= James G. Harvey =

Canadian politician (1869-1950)

James Graham Harvey (June 3, 1869—November 12, 1950) was a politician in Manitoba, Canada. He served in the Legislative Assembly of Manitoba from 1910 to 1914, as a member of the Conservative Party.

Harvey was born at Fallbrook in Lanark County, Ontario, the son of James Graham Harvey, later alderman and controller for the city of Winnipeg, and Catherine Ferguson. He came to Winnipeg with his family in 1875 and was educated at public schools there and at Manitoba College, receiving a law degree. He was called to the Manitoba bar and began practising law in Winnipeg in 1890. Harvey moved to Dauphin in 1896. He served three years as mayor of Dauphin and also was president of the Dauphin Board of Trade. In religion, Harvey was a Presbyterian. He married Ida S. Mills in 1897.

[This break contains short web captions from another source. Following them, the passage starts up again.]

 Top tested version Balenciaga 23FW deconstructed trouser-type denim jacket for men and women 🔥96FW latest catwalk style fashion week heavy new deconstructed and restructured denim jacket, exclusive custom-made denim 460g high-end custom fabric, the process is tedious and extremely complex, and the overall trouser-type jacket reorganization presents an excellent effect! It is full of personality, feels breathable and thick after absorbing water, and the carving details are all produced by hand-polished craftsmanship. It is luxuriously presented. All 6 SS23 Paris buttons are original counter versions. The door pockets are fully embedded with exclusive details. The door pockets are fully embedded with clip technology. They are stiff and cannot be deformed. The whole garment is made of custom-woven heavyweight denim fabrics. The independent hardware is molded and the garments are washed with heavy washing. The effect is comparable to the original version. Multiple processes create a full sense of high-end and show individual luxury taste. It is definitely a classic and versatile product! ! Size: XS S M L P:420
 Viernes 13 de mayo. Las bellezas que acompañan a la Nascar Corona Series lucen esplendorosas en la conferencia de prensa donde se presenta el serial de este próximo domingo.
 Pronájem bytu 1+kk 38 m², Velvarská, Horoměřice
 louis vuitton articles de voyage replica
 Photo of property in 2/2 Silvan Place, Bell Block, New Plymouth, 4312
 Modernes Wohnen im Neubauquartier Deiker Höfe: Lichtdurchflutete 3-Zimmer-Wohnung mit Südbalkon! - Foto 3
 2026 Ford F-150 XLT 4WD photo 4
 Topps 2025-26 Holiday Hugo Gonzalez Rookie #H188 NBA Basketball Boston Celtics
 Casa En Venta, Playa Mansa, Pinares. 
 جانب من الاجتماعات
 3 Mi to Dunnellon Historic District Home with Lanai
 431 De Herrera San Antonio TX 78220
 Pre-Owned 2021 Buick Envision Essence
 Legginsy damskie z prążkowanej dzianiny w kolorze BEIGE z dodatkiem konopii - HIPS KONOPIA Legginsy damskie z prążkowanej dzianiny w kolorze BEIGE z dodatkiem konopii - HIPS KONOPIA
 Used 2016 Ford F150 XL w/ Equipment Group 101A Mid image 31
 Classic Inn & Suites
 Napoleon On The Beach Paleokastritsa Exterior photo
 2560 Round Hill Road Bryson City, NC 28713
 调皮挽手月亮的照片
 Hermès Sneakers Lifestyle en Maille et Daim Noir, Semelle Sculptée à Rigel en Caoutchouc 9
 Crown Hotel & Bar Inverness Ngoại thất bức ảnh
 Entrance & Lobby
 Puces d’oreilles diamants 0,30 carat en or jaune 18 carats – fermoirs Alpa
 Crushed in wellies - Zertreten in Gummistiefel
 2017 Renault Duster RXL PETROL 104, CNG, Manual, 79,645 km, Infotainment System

He first ran for the Manitoba legislature in the 1907 election in the constituency of Dauphin, and lost to Liberal candidate John Campbell by 121 votes. He ran again in 1910, and defeated Campbell by 53 votes. The Conservatives won the election, and Harvey served as a backbench supporter of Rodmond Roblin's administration for the next four years. He did not run for re-election in the 1914 campaign.

Harvey died in Winnipeg at the age of 81.